I’ve always had dogs.  I know the singular nature of their effect on the human psyche.  But I have been dogless for the last year-and-a-half and thought I was doing just fine.  I had Shasti, the tortoise-shell cat-dog who both greets me at the door and selectively ignores me in that schizophrenic feline way.  And I had a busy life.  Cats can handle your busy life.  Dogs are permanent toddlers in constant need of attention.

In the last five (six?  oh, crap) years of being single, I’ve dated quite a bit.  Okay, a few people.  Okay, two.  Two people.  One might think a good relationship would replace the lack of canine companionship, but frankly, it’s easier to get a dog.

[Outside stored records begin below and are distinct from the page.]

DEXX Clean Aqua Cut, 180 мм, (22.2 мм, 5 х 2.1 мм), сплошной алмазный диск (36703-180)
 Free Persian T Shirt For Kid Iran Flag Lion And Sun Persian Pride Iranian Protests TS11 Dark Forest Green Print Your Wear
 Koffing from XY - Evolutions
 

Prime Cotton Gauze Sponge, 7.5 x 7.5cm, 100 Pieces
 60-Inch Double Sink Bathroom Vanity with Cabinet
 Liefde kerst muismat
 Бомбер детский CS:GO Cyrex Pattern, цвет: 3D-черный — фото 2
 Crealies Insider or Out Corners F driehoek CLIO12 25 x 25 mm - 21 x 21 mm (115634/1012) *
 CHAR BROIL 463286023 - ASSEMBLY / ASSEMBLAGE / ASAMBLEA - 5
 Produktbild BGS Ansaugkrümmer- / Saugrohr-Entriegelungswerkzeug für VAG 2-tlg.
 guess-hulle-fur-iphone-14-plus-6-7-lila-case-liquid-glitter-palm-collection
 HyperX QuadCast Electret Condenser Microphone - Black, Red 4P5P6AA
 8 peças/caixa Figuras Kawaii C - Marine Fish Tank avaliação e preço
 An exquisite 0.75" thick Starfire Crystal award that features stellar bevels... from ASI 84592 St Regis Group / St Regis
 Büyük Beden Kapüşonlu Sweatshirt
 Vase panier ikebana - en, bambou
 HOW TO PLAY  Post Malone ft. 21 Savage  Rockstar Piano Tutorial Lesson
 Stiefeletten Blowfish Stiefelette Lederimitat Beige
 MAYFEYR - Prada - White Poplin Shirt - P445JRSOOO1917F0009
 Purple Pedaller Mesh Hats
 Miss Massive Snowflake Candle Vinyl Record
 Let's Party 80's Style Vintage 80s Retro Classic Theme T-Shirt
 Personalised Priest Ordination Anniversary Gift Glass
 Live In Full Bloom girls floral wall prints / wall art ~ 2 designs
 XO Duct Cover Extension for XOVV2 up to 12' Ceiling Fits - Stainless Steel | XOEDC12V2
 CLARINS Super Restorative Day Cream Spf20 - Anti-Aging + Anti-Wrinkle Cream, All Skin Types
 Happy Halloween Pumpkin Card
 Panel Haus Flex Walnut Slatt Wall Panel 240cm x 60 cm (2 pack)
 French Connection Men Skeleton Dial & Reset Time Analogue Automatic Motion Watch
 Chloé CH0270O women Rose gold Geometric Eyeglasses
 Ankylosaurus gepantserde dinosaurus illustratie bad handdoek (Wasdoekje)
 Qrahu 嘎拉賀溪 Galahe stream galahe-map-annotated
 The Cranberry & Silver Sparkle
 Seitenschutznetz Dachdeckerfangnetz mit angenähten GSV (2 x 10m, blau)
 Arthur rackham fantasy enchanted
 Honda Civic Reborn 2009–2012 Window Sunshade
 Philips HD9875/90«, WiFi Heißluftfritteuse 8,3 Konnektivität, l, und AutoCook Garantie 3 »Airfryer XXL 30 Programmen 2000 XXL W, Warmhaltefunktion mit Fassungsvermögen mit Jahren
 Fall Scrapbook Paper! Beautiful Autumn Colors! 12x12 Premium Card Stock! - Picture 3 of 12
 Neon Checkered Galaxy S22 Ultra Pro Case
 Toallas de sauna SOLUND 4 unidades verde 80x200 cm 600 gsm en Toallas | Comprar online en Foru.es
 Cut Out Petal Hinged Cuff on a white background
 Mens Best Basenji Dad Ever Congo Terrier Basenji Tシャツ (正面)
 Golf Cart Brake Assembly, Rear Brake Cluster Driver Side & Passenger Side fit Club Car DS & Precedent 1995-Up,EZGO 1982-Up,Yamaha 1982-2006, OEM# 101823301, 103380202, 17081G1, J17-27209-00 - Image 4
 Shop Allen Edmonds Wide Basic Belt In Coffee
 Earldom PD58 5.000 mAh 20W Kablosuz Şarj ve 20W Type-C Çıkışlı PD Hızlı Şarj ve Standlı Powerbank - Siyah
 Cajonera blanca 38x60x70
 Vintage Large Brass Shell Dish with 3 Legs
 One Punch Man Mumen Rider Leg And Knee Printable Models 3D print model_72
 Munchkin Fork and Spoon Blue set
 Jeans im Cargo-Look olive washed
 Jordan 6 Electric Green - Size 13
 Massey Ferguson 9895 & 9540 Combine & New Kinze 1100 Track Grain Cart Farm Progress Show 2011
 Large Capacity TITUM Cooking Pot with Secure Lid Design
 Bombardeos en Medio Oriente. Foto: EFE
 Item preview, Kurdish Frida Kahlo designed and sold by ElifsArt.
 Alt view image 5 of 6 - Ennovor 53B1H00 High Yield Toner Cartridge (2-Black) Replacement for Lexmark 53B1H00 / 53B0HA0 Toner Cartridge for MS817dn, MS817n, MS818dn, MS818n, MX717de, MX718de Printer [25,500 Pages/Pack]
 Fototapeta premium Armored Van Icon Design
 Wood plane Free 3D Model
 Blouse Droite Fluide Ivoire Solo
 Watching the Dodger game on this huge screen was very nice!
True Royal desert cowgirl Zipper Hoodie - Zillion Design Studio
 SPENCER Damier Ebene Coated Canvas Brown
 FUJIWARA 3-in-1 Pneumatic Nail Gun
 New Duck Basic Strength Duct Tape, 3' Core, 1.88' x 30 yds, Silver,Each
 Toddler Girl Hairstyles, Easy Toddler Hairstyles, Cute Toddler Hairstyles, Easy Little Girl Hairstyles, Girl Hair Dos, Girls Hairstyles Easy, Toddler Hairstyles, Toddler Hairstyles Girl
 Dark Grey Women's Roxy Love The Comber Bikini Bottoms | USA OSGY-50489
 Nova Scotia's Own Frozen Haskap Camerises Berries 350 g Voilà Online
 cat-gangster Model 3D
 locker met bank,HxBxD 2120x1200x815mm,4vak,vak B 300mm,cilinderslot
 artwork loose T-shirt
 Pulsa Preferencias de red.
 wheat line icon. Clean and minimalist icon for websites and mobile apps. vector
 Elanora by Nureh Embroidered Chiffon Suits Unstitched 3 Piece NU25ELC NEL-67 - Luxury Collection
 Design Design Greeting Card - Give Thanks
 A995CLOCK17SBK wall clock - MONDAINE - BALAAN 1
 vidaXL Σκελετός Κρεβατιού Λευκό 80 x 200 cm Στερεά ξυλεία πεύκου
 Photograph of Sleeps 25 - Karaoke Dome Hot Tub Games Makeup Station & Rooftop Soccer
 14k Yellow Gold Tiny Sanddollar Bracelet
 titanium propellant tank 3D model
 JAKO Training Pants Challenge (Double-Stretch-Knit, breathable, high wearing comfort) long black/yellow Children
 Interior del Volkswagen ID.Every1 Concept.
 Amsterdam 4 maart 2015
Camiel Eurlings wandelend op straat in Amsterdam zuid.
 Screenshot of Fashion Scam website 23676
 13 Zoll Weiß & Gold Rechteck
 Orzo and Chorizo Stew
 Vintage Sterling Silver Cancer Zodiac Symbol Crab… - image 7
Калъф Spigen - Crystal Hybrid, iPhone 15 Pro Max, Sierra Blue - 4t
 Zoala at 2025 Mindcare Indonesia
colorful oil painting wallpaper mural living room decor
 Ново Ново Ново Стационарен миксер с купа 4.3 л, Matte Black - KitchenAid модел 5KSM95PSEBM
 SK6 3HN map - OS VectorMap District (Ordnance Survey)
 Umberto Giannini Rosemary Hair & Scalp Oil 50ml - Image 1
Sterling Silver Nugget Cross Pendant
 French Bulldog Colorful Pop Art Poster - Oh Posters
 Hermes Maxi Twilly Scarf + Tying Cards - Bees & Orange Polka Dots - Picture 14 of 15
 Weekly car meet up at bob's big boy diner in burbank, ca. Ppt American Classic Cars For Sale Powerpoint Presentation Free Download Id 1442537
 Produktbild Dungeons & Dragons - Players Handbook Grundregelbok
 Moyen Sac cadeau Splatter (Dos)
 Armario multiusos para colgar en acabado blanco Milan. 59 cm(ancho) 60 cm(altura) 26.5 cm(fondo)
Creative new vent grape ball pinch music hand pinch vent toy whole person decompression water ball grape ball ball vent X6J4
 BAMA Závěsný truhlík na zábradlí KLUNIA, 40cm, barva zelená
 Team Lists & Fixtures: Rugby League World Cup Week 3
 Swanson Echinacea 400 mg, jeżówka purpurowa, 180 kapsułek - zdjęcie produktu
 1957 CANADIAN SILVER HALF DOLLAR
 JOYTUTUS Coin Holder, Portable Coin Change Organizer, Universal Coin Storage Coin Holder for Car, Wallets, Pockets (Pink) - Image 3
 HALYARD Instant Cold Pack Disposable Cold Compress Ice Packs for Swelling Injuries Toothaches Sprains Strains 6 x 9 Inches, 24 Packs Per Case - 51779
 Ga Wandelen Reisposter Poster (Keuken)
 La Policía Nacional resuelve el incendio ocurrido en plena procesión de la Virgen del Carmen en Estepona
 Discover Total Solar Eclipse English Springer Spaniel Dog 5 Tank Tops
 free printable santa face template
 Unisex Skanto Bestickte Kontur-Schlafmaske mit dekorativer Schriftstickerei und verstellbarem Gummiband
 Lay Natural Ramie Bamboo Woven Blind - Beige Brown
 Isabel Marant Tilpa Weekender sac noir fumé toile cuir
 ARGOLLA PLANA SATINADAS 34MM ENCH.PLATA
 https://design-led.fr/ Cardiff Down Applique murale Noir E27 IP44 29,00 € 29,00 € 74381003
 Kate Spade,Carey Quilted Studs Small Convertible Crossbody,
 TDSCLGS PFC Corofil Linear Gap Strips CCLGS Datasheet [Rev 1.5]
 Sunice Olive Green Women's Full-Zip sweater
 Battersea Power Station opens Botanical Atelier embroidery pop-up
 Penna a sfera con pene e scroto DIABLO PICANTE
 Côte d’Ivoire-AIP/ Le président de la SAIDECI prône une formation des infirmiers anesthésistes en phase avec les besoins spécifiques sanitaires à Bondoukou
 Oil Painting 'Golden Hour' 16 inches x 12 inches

Besides, even the best relationship doesn’t do what a dog can.  A dog lives in the moment and reminds us to do the same.  A dog is both mindful and playful, a combination that is perhaps the best definition of the divine.  A dog lives and thrives in love; we do, too, but it’s a dog that can remind us that we actually should.  A dog can nibble your ear and cause the oxytocin to move down your spine like a rushing shiver.

Dogs don’t look in the mirror and worry that they might be getting fat. They don’t spend Sunday night worrying about that thing they didn’t do on Friday which will cause Monday to start already behind. They don’t give up sleep to nibble on mental bones like wondering if Jessie really knew you were joking or how Kenneth actually feels about you or if you’re truly a good teacher or your students are just blowing smoke up your ass.

It took just that first look in my eyes for Buddy to remind me that none of that matters one  minuscule, microscopic, itty-bitty bit. The worries and frets and obsessions are puffs of smoke that I could walk right through as if they don’t exist, but I treat them like stone barriers to goodness and peace.  Buddy is the breeze that blows them away.  He knows they’re only smoke, just as he knows he is the mirror to my truest self — the self that loves and lives in the moment and engages in mindful play.

I’m grateful for my Shasti-cat.  She is a good pal and has been a loving presence in my life.  But, cats, . . . well, cats are just different. Cats know they’re God.  Dogs remind us that we are.  And I thank the heavens that I have one in my life again.  Welcome home, Buddy.